Also sag mal an... #6


----------



## David (15. November 2004)

*AW: Fox Sky Pod*

falsch!

ich glaub nicht das dein goal post aufbau stabiler ist als mein pod... :q


----------



## Geraetefetischist (16. November 2004)

*AW: Fox Sky Pod*

@ Pilkman
Dazu fallen mir auch noch einige Fragen mehr ein:
-Was zahlt Fox eigentlich für diese regelmässige Plattwerbung a la CM?
-Wieso kriegen Jungangler mit nem Plasteständer nen Ständer?
-Warum Kauft man sich ein 300€-Pod um 80€ Billigstecken draufzulegen an denen billigste Fertigkittmurmeln um Karpfenmitleid betteln, während sich die Besitzer im 20qm Monsterdome einen auf ihre stumm bleibenden TXIs keulen.
-Warum definiert sich die Jugend von heute nur noch über ihre materiellen Besitztümer? Haben die nichts besseres mehr (Hirn, Wissen, Mut, FISCHE,...)zum Angeben?
-Fängt man damit mehr Fische?
-Fangen die Besitzer überhaupt Fische?
-Waren wir eigentlich auch so einfach zufriedenzustellen?

Fragen über Fragen 

(P.S. Das einzige wirklich brauchbare Foxpod war das Supa!)

Just Monsters
Holger


----------



## Carpcatcher2001 (16. November 2004)

*AW: Fox Sky Pod*



			
				David schrieb:
			
		

> falsch!
> 
> ich glaub nicht das dein goal post aufbau stabiler ist als mein pod... :q



Dein Pod ist doch auch n Goal-Post nur mit nem fetten Stahlrahmen drum rum... :q 

Is zwar nicht sehr unauffällig, hällt dafür aber jedem Lastwagen stand... :q


----------



## buddha (16. November 2004)

*AW: Fox Sky Pod*



			
				Geraetefetischist schrieb:
			
		

> -Was zahlt Fox eigentlich für diese regelmässige Plattwerbung a la CM?
> -Wieso kriegen Jungangler mit nem Plasteständer nen Ständer?
> -Warum Kauft man sich ein 300€-Pod um 80€ Billigstecken draufzulegen an denen billigste Fertigkittmurmeln um Karpfenmitleid betteln, während sich die Besitzer im 20qm Monsterdome einen auf ihre stumm bleibenden TXIs keulen.
> -Warum definiert sich die Jugend von heute nur noch über ihre materiellen Besitztümer?
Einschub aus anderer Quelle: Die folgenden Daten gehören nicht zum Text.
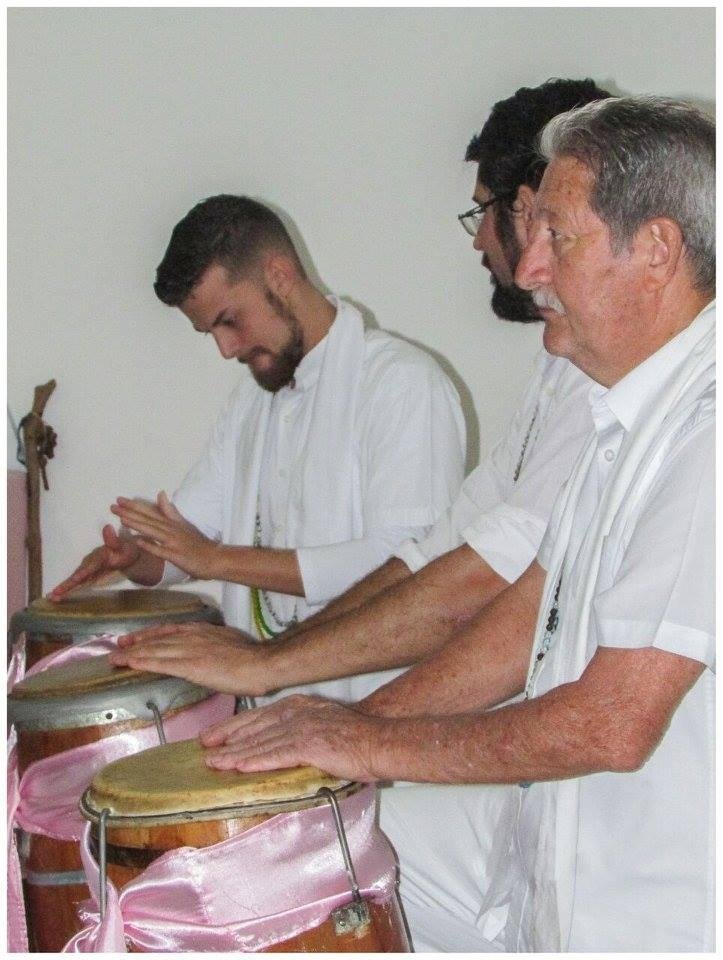 Atabaques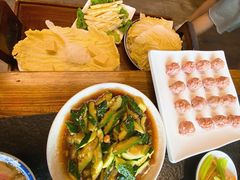 -仁和四季涮肉馆(天坛南门店)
Haben die nichts besseres mehr (Hirn, Wissen, Mut, FISCHE,...)zum Angeben?
> ...



Du nimmst mir die Worte aus dem Mund, quasi seh ich dat genau so!!!


----------



## Scatman (16. November 2004)

*AW: Fox Sky Pod*



			
				Geraetefetischist schrieb:
			
		

> @ Pilkman
> Dazu fallen mir auch noch einige Fragen mehr ein:
> -Was zahlt Fox eigentlich für diese regelmässige Plattwerbung a la CM?
> -Wieso kriegen Jungangler mit nem Plasteständer nen Ständer?
> ...



@Holger: #6  #6  #6    SUPA POD RULES !!!  ( ich geb meins nimmer her ! )


----------



## Pilkman (16. November 2004)

*AW: Fox Sky Pod*

@ Holger

Kurz, direkt und bissig! #6 #6 #6

PS: 
Ist wohl ´ne Entwicklung, die nicht nur bei Angelausrüstung zu beobachten ist...


----------



## Lukas van Karpf (16. November 2004)

*AW: Fox Sky Pod*



			
				Geraetefetischist schrieb:
			
		

> @ Pilkman
> Dazu fallen mir auch noch einige Fragen mehr ein:
> -Was zahlt Fox eigentlich für diese regelmässige Plattwerbung a la CM?
> -Wieso kriegen Jungangler mit nem Plasteständer nen Ständer?
> ...


Hi ,


 Ich mag ja nichts sagen aber ich tuh es jetzt trotzdem:
Also das mit den 80€ billig steckern würd ich zurücknehmen, denn auf meinem Sky pod liegen 3 fet boy slim (ORIGINAL) da kostet das stück was ich mir binden hab lassen 500€ 

Sonst liegen da noch so um die 3 Century Ng , 3 Shimano Antares (für Würfe über die 220m) rum.

Gruss LUkas


----------



## Carpcatcher2001 (16. November 2004)

*AW: Fox Sky Pod*



			
				Lukas van Karpf schrieb:
			
		

> Hi ,
> 
> 
> Ich mag ja nichts sagen aber ich tuh es jetzt trotzdem:
> ...




Für 500€ bau ich mir 3 Ruten... Und die sind qualitativ trotzdem super... #h


----------



## MrTom (16. November 2004)

*AW: Fox Sky Pod*



			
				Lukas van Karpf schrieb:
			
		

> für Würfe über die 220m
> Gruss LUkas


 #6 Ich bin soo stolz auf dich
Unsereins freut sich wenn er die 100Metermarke ankratzt und dann so was


----------



## BadPoldi (16. November 2004)

*AW: Fox Sky Pod*

Hi,

@Lukas intressante kombination, sag mal mit welcher rolle hast du dann die fat-boy-slim bestückt.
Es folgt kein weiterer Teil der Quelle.